Describes how to tune the TCP stack to detect node or network failures rapidly.

An unplanned failure chiefly takes the form of a node failure or a network failure. In both instances, the network layer retries to connect to the failed node. The number of retry attempts is dictated by the TCP parameter /proc/sys/net/ipv4/tcp_syn_retries. The default value of that parameter is 5 (in Linux), resulting in a latency of more than a minute to detect the node failure. The problem is compounded when the same failed node is contacted repeatedly in the context of a long operation, such as when a client accesses multiple data objects present on that node.
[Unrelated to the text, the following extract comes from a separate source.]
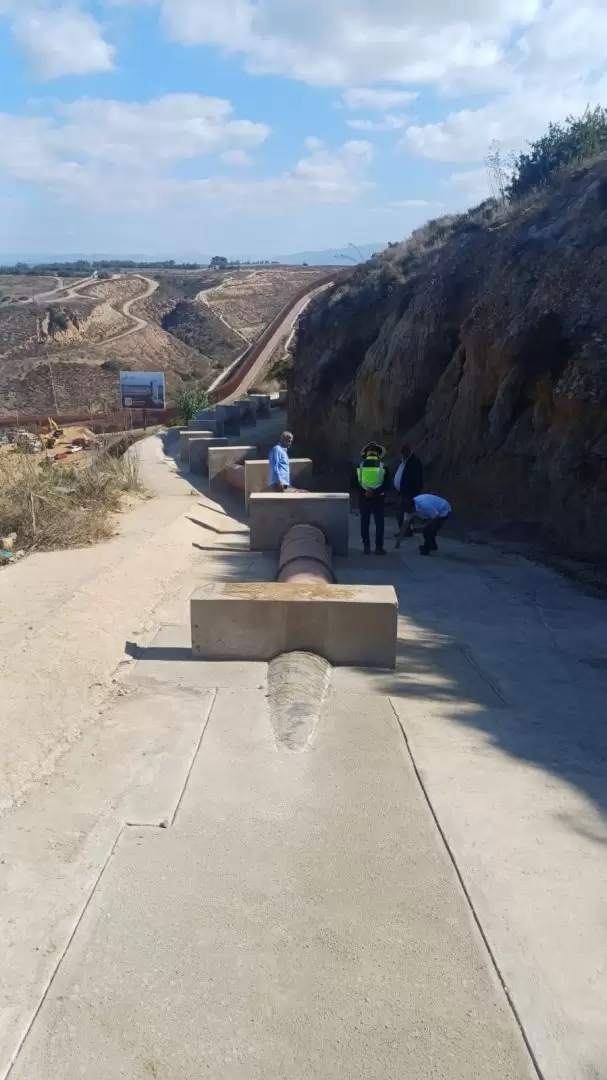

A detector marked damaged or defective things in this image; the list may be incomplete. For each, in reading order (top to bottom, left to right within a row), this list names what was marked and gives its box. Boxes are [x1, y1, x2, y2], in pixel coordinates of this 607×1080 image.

rusty metal pipe [276, 522, 332, 583]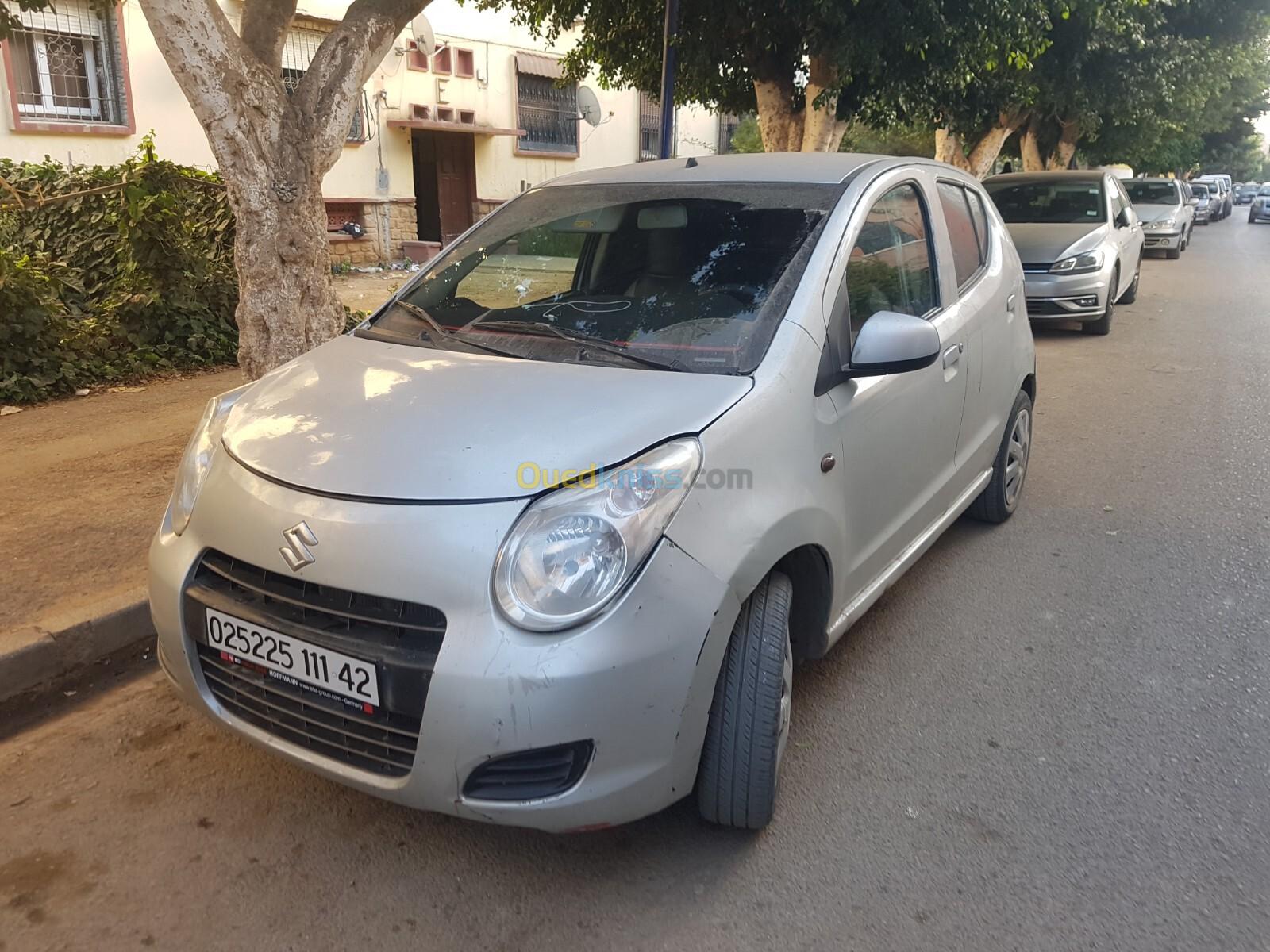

The data-fabric stack solves the problem by remembering (caching) the information about a node’s failure, and by not contacting that node for subsequent operations on data objects present on that node. Since all form of data is replicated, data-fabric services find alternative locations for a data object. This feature is in-built into the current software and does not have to be enabled explicitly. Hence, the communication between a client and a recently failed node incurs a one-time long-duration latency. As mentioned before, that latency is governed by the number of retries at the TCP level. Hence, to further improve the one-time longer latency of an operation between a pair of nodes, it is recommended that the number of TCP retries be decreased from 5 to 4, resulting in a latency of about 30 seconds.

Setting the Timeout for TCP Connections

To set the TCP retry count, set the value of tcp_syn_retries to 4 in the /proc/sys/net/ipv4/ directory (for IPv4 connections). For example:

echo 4 > /proc/sys/net/ipv4/tcp_syn_retries

Similarly for IPv6 connections, set:

echo 4 > /proc/sys/net/ipv6/tcp_syn_retries

This TCP setting of 4 ensures that the TCP stack takes about 30 seconds to detect failure of a remote node. To ensure that this setting is persistent across system reboots, set this value in the /etc/sysctl.conf file.

WARNING This setting impacts all TCP connections to and from a node. Hence, caution must be exercised when lowering this further. Also, in some instances, reducing this further may result in a node being incorrectly flagged as unavailable.